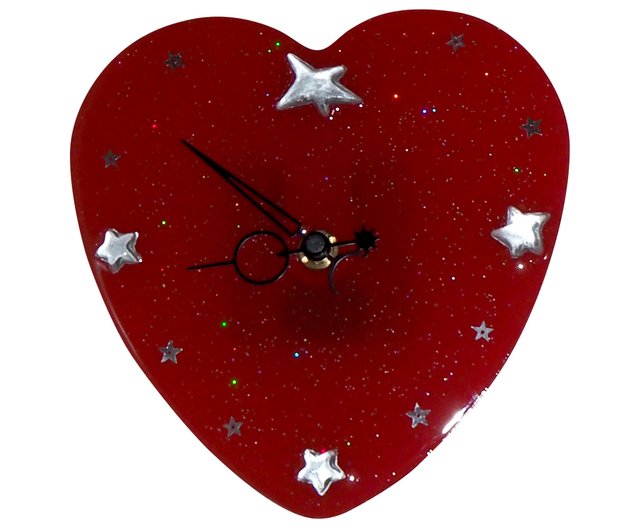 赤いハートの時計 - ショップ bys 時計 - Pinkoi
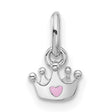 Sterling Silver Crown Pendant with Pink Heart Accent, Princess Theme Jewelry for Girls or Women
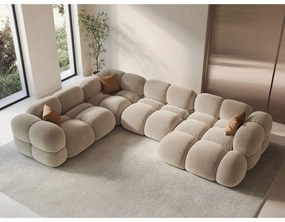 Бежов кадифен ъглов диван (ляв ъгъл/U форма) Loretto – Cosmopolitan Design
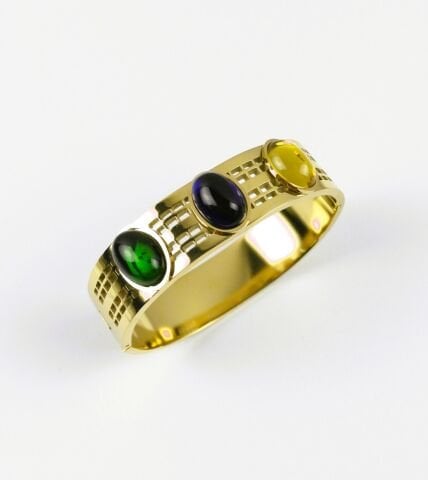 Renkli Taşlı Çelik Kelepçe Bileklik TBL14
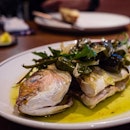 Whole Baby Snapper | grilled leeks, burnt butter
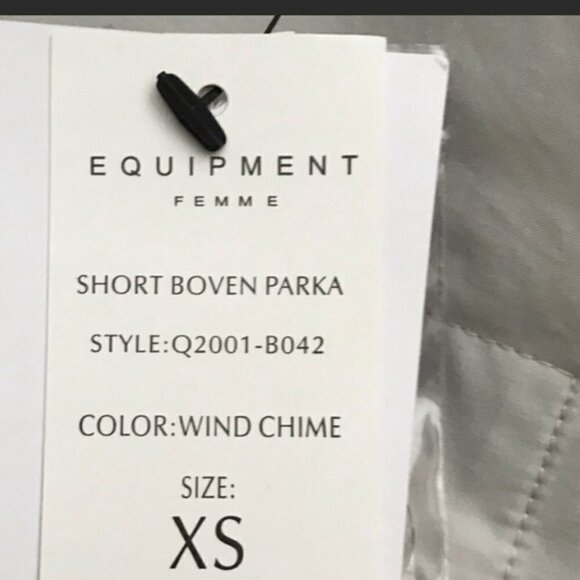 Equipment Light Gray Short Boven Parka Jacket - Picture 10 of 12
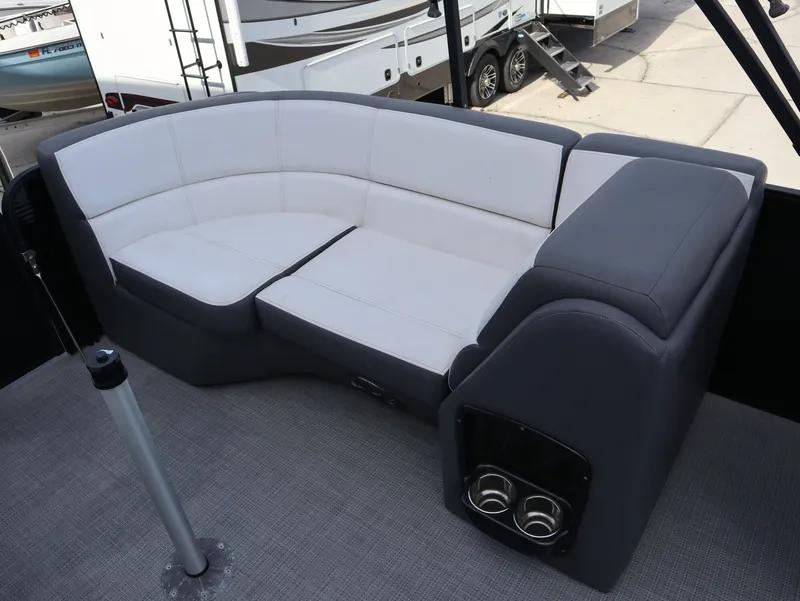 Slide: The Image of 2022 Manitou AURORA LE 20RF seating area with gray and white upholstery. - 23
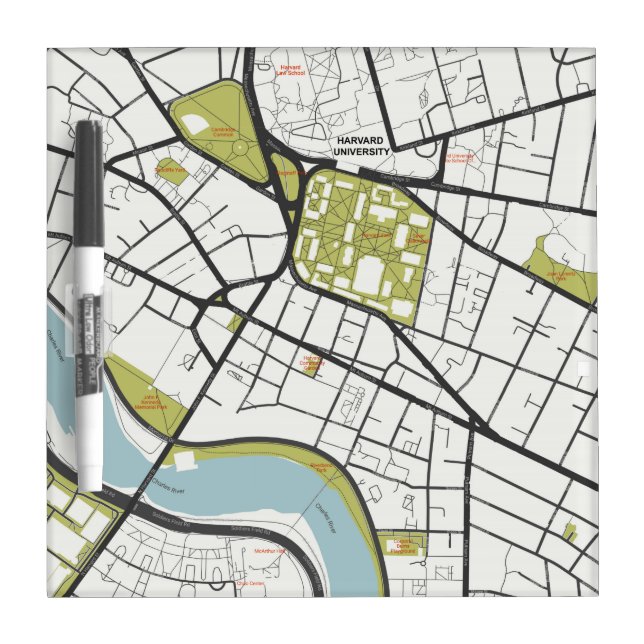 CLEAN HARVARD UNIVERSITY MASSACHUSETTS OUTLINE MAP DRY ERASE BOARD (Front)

==

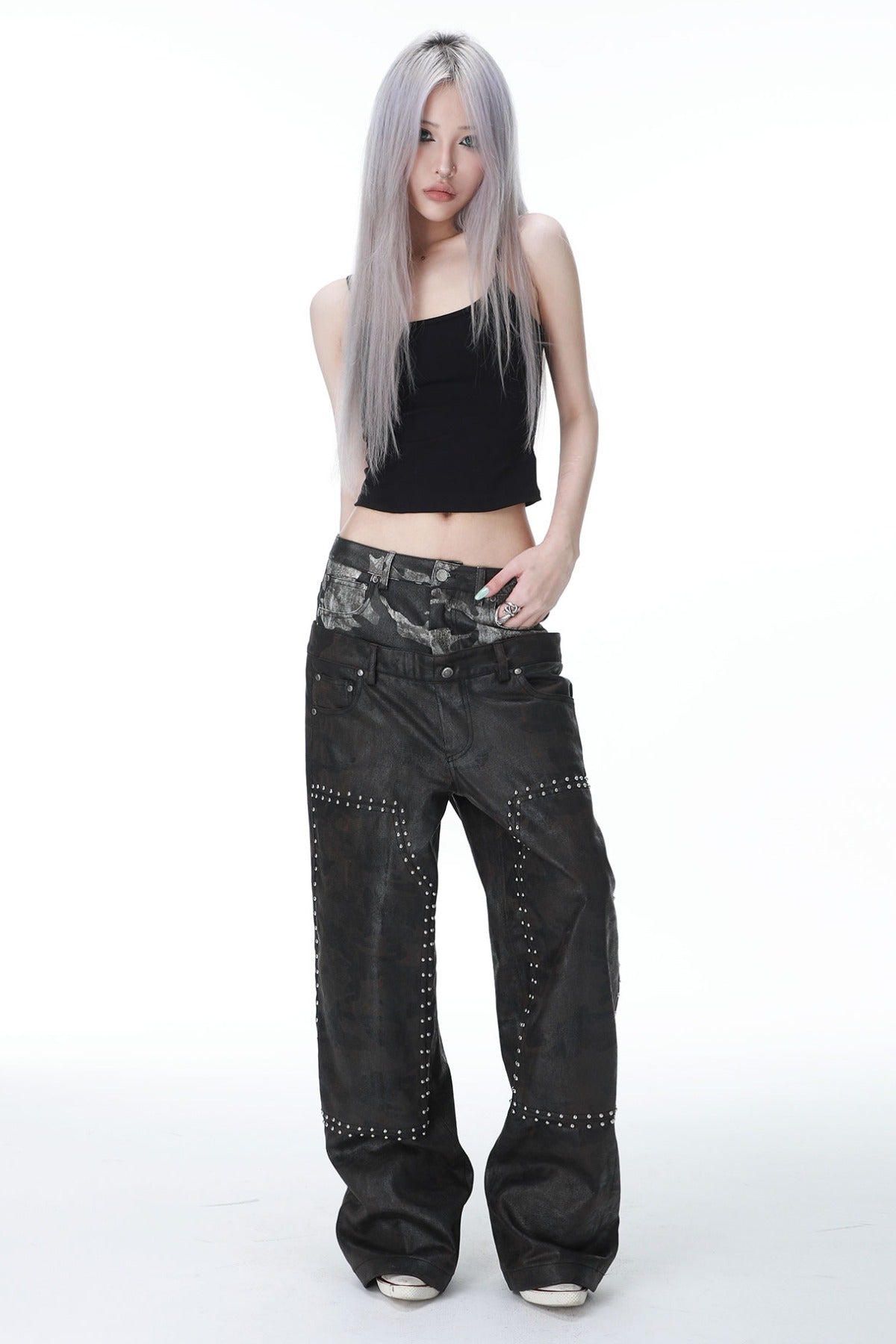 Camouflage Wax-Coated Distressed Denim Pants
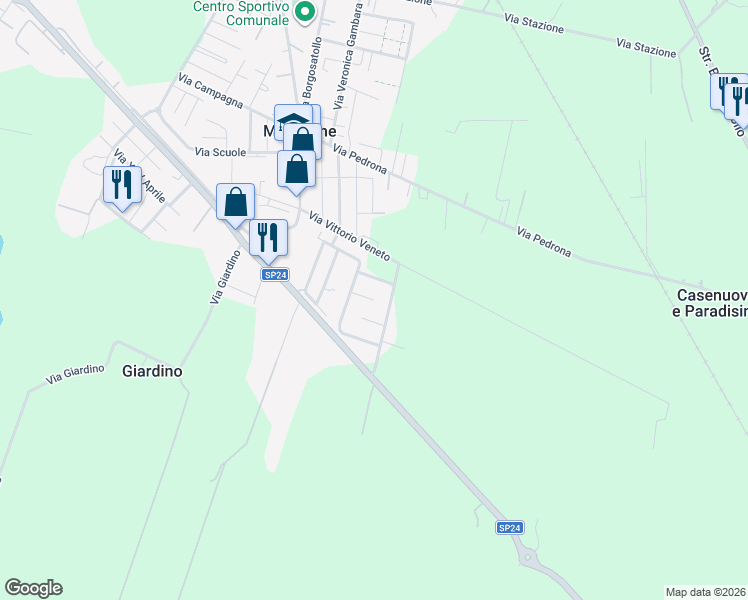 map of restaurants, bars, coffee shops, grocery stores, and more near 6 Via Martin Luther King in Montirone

* * *

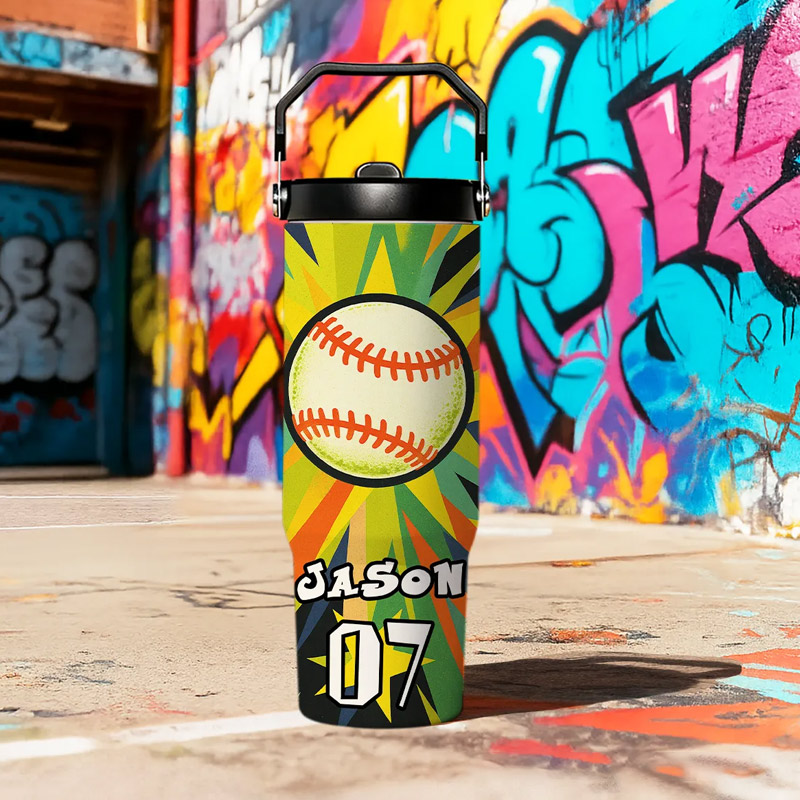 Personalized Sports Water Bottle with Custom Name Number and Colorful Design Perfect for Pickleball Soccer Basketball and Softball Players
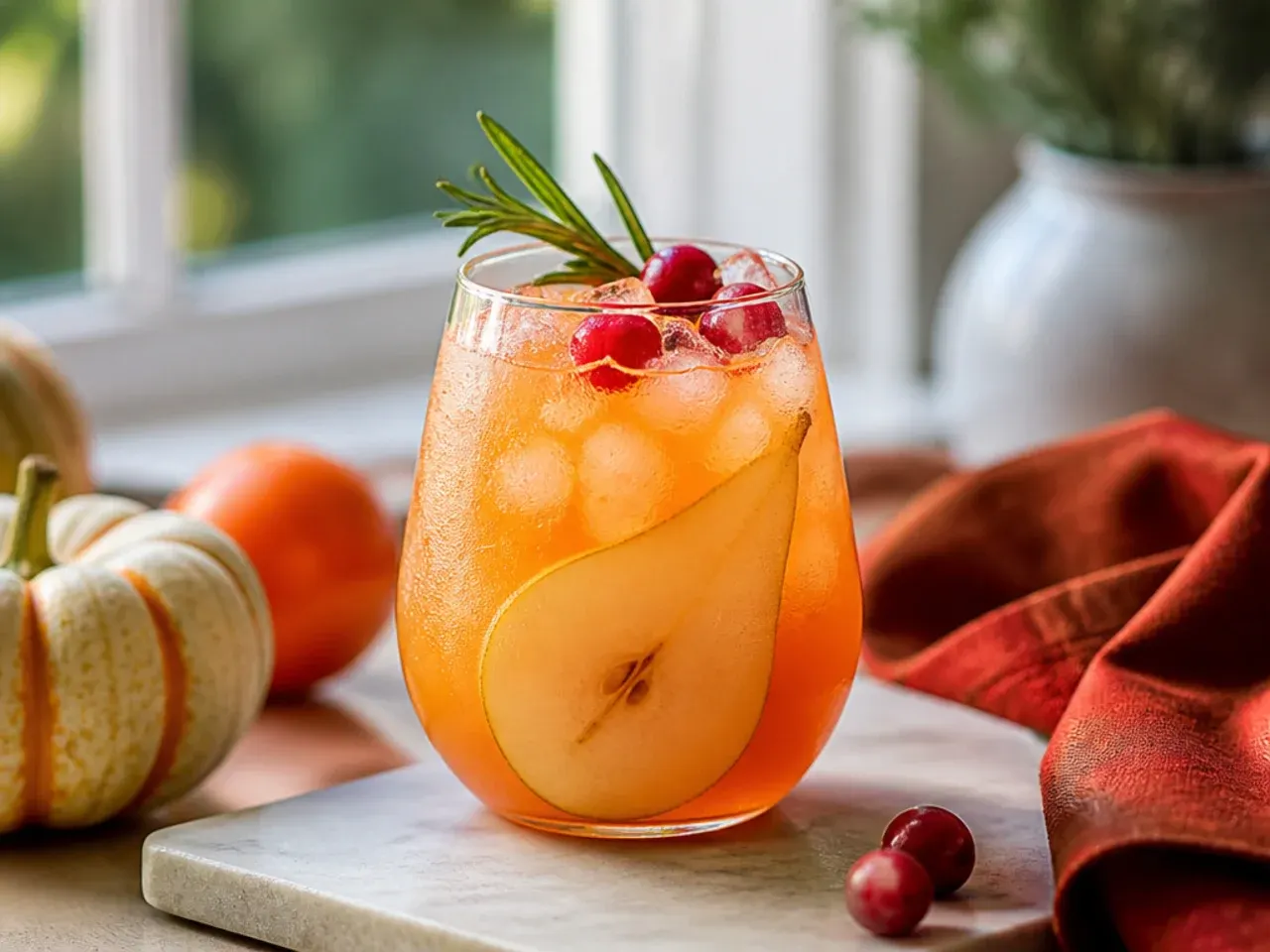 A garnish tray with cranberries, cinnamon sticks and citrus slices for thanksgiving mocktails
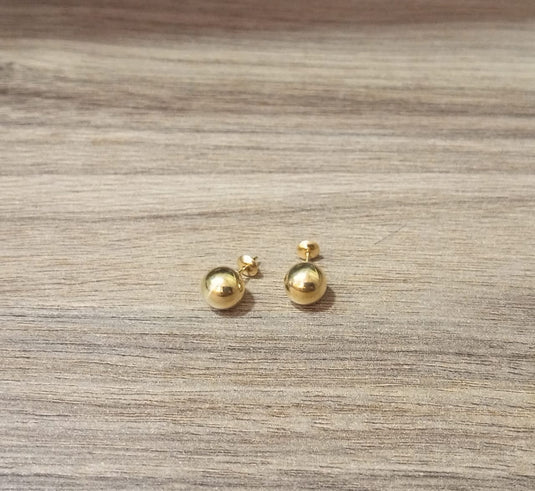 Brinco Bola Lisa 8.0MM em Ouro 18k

▶ Description of the task
Using the entries above, write out exactly the lines from the one with "Renkli Taşlı Çelik Kelepçe Bileklik TBL14" through the one with "CLEAN HARVARD UNIVERSITY", ends included. Leave out any pictures.

▶ Output of the exercise
 Renkli Taşlı Çelik Kelepçe Bileklik TBL14
 Whole Baby Snapper | grilled leeks, burnt butter
 Equipment Light Gray Short Boven Parka Jacket - Picture 10 of 12
 Slide: The Image of 2022 Manitou AURORA LE 20RF seating area with gray and white upholstery. - 23
 CLEAN HARVARD UNIVERSITY MASSACHUSETTS OUTLINE MAP DRY ERASE BOARD (Front)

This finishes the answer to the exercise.